ONE OF THE LONGTIME FOLLOWERS of my nutrition plan is a man named Abraham Brickner, now retired, who was the Cleveland Clinic’s director of health services, research and program development. Abe’s mother died of heart disease when she was sixty-two. His brother had bypass surgery at the age of fifty-five and died from his heart disease a decade later. One of Abe’s nephews had a heart attack at forty-five; a second nephew died from a heart attack at forty-two. Abe had his first bypass at fifty-five, and his second at sixty-five.
Although he began to modify his eating habits somewhat after the first surgery, for most of his life, Abe had eaten a high-fat diet: aged steaks from his father’s grocery fried in butter; freshers—half a pound of corned beef on a heel of bread; chopped liver with schmaltz, which is pure chicken fat, once a week; a big plate of waffles after the movies on Saturday nights. Abe, a career health-care planner and consumer advocate, had paid considerable attention to health matters over the years. And as he says: “When a cholesterol of 250 was normal, I met the standard.”
When a cholesterol of 250 was normal. It is hard to believe, but for decades, it was the conventional wisdom that blood levels of cholesterol up to 300 mg/dL were perfectly normal. Over the years, the advice from the “experts” has varied, and consumers of health care have been understandably confused about what cholesterol level should be their goal. It has been a constantly moving target. Most recently, national health organizations—the American Heart Association, the National Cholesterol Education Program, and the National Research Council—have decreed that serum cholesterol should be below 200 mg/dL.
1 These same organizations suggest limiting fat consumption to no more than 30 percent of the calories consumed each day.
But that level of fat consumption has never been shown to arrest or reverse coronary artery disease. Quite the contrary, research has shown that while cutting fat consumption to that level from even higher levels may help to slow the disease’s progression, the disease, nonetheless, will progress.
The truth is that the medical profession knows better. We have known for a long time that one out of every four persons who have heart attacks has a blood cholesterol level between 180 and 210 mg/ dL,
2 and we know that more than a third of those in the Framingham Heart Study who had heart disease showed cholesterol levels between 150 and 200 mg/dL.

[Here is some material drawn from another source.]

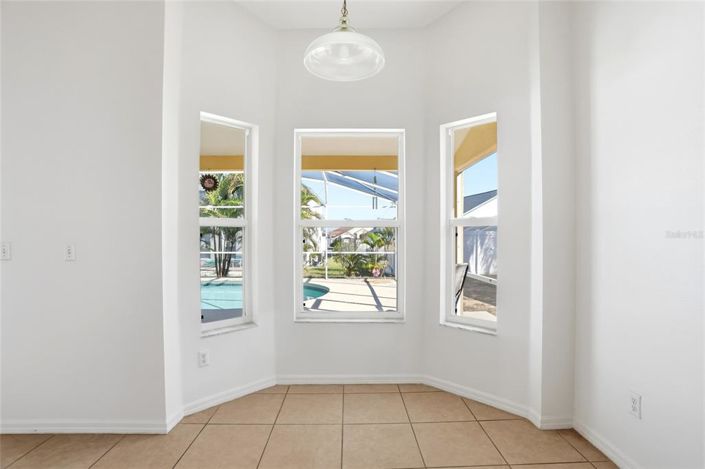 Image No.25-3 Bed Property for sale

3 That means that millions of Americans who are doing the best they can to meet the standards set by national health officials are, in spite of their efforts, getting sick.
Here’s a clear, plain English translation of what our government and the national health agencies have done: they have chosen a “safe” cholesterol level for the public that virtually guarantees—if everyone actually met their stated goal—that every year more than 1.2 million Americans will suffer heart attacks and that millions more will watch the inevitable progression of their coronary artery disease.

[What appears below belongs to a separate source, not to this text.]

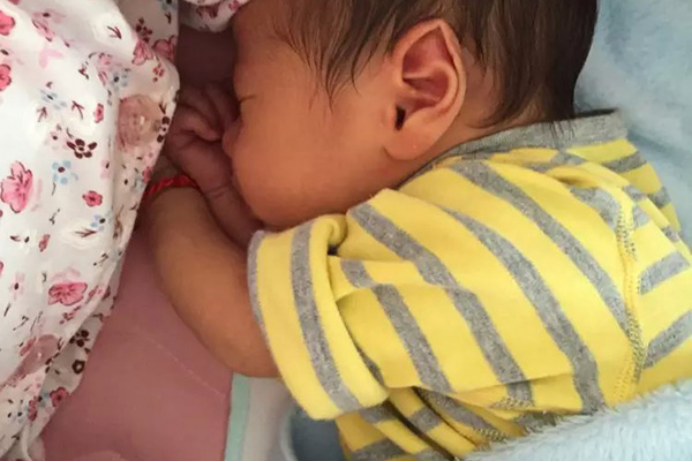 宝宝出虚汗原因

What is going on here? If the evidence is so clear that the goal for cholesterol levels should be set below 150 mg/dL, why don’t the national experts and policy makers tell us that? When we ask representatives of our government to establish safe levels of bacteria in our drinking water, they do not select a level at which a substantial proportion of the population will contract cholera and dysentery; instead, they set a level that guarantees none of us will be infected. The case is similar with official standards for other contaminants. We do not choose a level at which 20 percent of our children will develop lead-induced brain disease from lead in the water. We choose a level that ensures the safety of everyone. So why is the policy so different when it comes to levels of cholesterol in the blood?

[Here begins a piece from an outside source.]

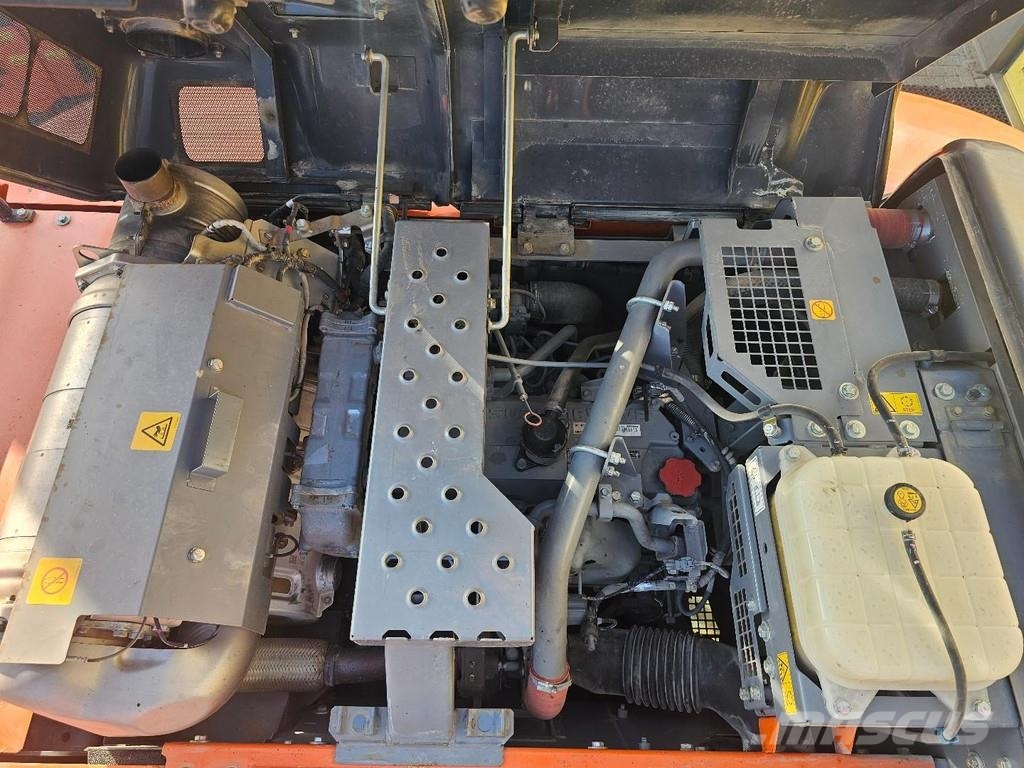 Hitachi ZX250LC-6 Gravemaskiner på larvebånd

The answer lies in a complex blend of culture, habit, taste, realpolitik, and other factors—including, frankly, a somewhat condescending attitude among medical experts toward the lay public. Let’s look at the facts.
To begin with, it is true that people have a craving for oil, dairy, and animal fat, and that includes the medical scientists who study the problem. We are immersed in an environment of toxic food that is attractive, tasteful, reasonably priced, and heavily advertised. And there are powerful commercial interests that want no change in the American diet. Over the years, there have been a number of attempts to bring nutritional recommendations more into line with what the science actually shows. In every case, intensive lobbying by industry—the producers and purveyors of dairy products, meat, and poultry—has caused those who set the standards to pull their punches.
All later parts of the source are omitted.